Form 8-K

 

 

UNITED STATES

SECURITIES AND EXCHANGE COMMISSION

WASHINGTON, DC 20549

 

 

FORM 8-K

 

 

CURRENT REPORT

PURSUANT TO SECTION 13 OR 15(d) OF THE

SECURITIES EXCHANGE ACT OF 1934

Date of report (Date of earliest event reported): June 10, 2010 (June 10, 2010)

 

 

Magellan Petroleum Corporation

(Exact Name of Registrant as Specified in Its Charter)

 

 

Delaware

(State or Other Jurisdiction of Incorporation)

 

1-5507     06-0842255
(Commission File Number)     (IRS Employer Identification No.)
7 Custom House Street, Portland, ME     04101
(Address of Principal Executive Offices)     (Zip Code)

207-619-8500

(Registrant’s Telephone Number, Including Area Code)

 

(Former Name or Former Address, if Changed Since Last Report)

 

 

Check the appropriate box below if the Form 8-K filing is intended to simultaneously satisfy the filing obligation of the registrant under any of the following provisions (see General Instruction A.2. below):

 

¨ Written communications pursuant to Rule 425 under the Securities Act (17 CFR 230.425)

 

¨ Soliciting material pursuant to Rule 14a-12 under the Exchange Act (17 CFR 240.14a-12)

 

¨ Pre-commencement communications pursuant to Rule 14d-2(b) under the Exchange Act (17 CFR 240.14d-2(b))

 

¨ Pre-commencement communications pursuant to Rule 13e-4(c) under the Exchange Act (17 CFR 240.13e-4(c)

 

 

 


Item 7.01 Regulation FD Disclosure

On June 10, 2010, representatives of Magellan Petroleum Corporation (the “Company”), including William H. Hastings, President and CEO, conducted a presentation of the Company’s current business plans and valuation assumptions at the Oil and Gas Investment Symposium held in London, U.K. sponsored by the Independent Petroleum Association of America.

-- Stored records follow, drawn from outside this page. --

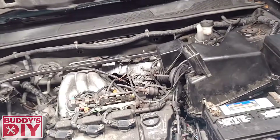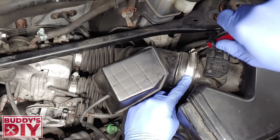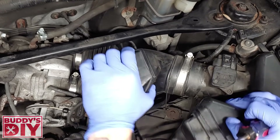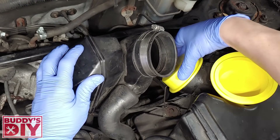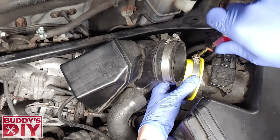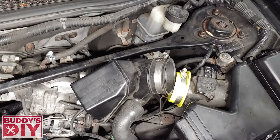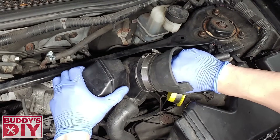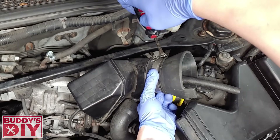First, we're going to set up our intake lines for the smoke test. Undo the hose clamp that holds the main intake line to the air box, then pull the intake line off. Take the intake adapter kit, find which size fits over the air box, and tighten down the intake plug with a hose clamp. With the air box sealed off, take the intake cone adapter and shove it into the intake line, then tighten down the hose clamp a little to get a nice seal.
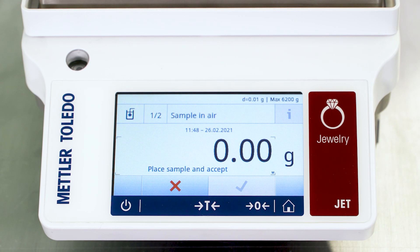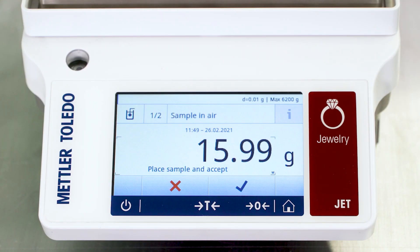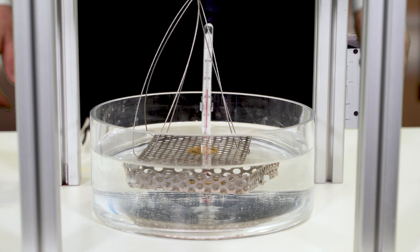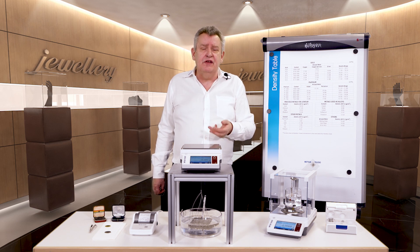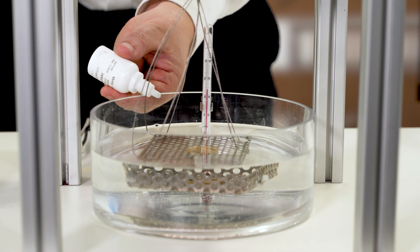The balance asks me to weigh the sample in air. I make sure the balance is leveled and the display shows zero, pressing zero if necessary. I place this gold coin in the middle of the weighing pan and press the green tick mark to enter that result. It now asks me to immerse the sample — using tweezers, I carefully place the coin on the homemade platform immersed in the liquid, which is water in this case, and press accept. It is important to make sure there are no bubbles on the surface of your sample, as bubbles could lead to measurement errors. We can use a small dose of soap to remove bubbles from the water.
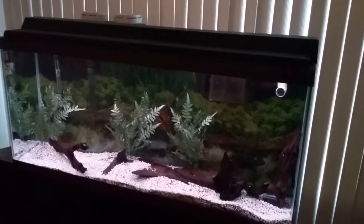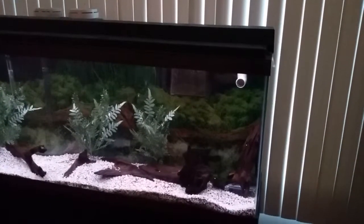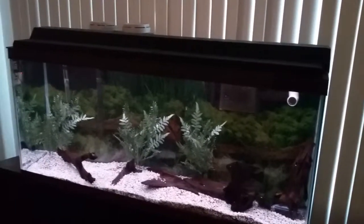This is the 55 gallon freshwater tank. I don't know exactly what I'm going to do with this tank. I've got a Pellini African Cichlid in there and a Gold Nugget Pleco.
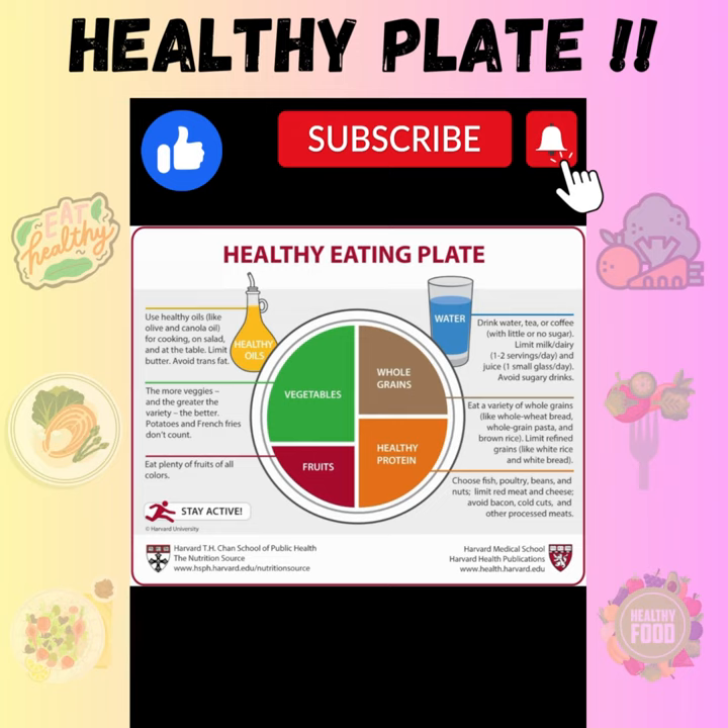Take a 9-inch plate for adults and a 7-inch plate for kids. Divide the plate into two halves. Fill one half with non-starchy vegetables like peas, carrots, cauliflower, cabbage, capsicum, etc.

The Company’s presentation is furnished herewith as Exhibit 99.1 and is incorporated by reference herein. The presentation has also been posted to the Company’s Website – www.magellanpetroleum.com. Such material may be presented to investors in the future.

The information in this Item 7.01, including Exhibit 99.1, is being furnished and shall not be deemed to be “filed” for purposes of Section 18 of the Securities Exchange Act of 1934, as amended, or otherwise subject to the liabilities of that Section and shall not be deemed incorporated by reference into any registration statement or other document filed pursuant to the Securities Act of 1933, as amended, except as shall be expressly set forth by specific reference in such filing.

 

Item 9.01 Financial Statements and Exhibits

(d) Exhibits.

The following exhibit is furnished herewith:

 

Exhibit
No.

  

Description

99.1    Company presentation to investors, dated June 10, 2010.


SIGNATURES

Pursuant to the requirements of the Securities Exchange Act of 1934, as amended, the Registrant has duly caused this report to be signed on its behalf by the undersigned, hereunto duly authorized.

 

MAGELLAN PETROLEUM CORPORATION
By:  

/s/    WILLIAM H. HASTINGS        

Name:   William H. Hastings
Title:   President and Chief Executive Officer

Dated: June 10, 2010


EXHIBIT INDEX

 

Exhibit
No.

  

Description

99.1    Company presentation to investors, dated June 10, 2010.